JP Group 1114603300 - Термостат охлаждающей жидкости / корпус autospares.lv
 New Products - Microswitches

==

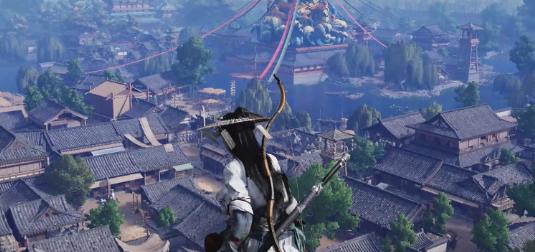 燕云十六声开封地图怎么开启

● **EXERCISE BRIEF**
With the line that has "JP Group 1114603300" as the first and the line that has "New Products - Microswitches" as the last, repeat exactly that run of lines above and no more.

● **WRITTEN ANSWER**
JP Group 1114603300 - Термостат охлаждающей жидкости / корпус autospares.lv
 New Products - Microswitches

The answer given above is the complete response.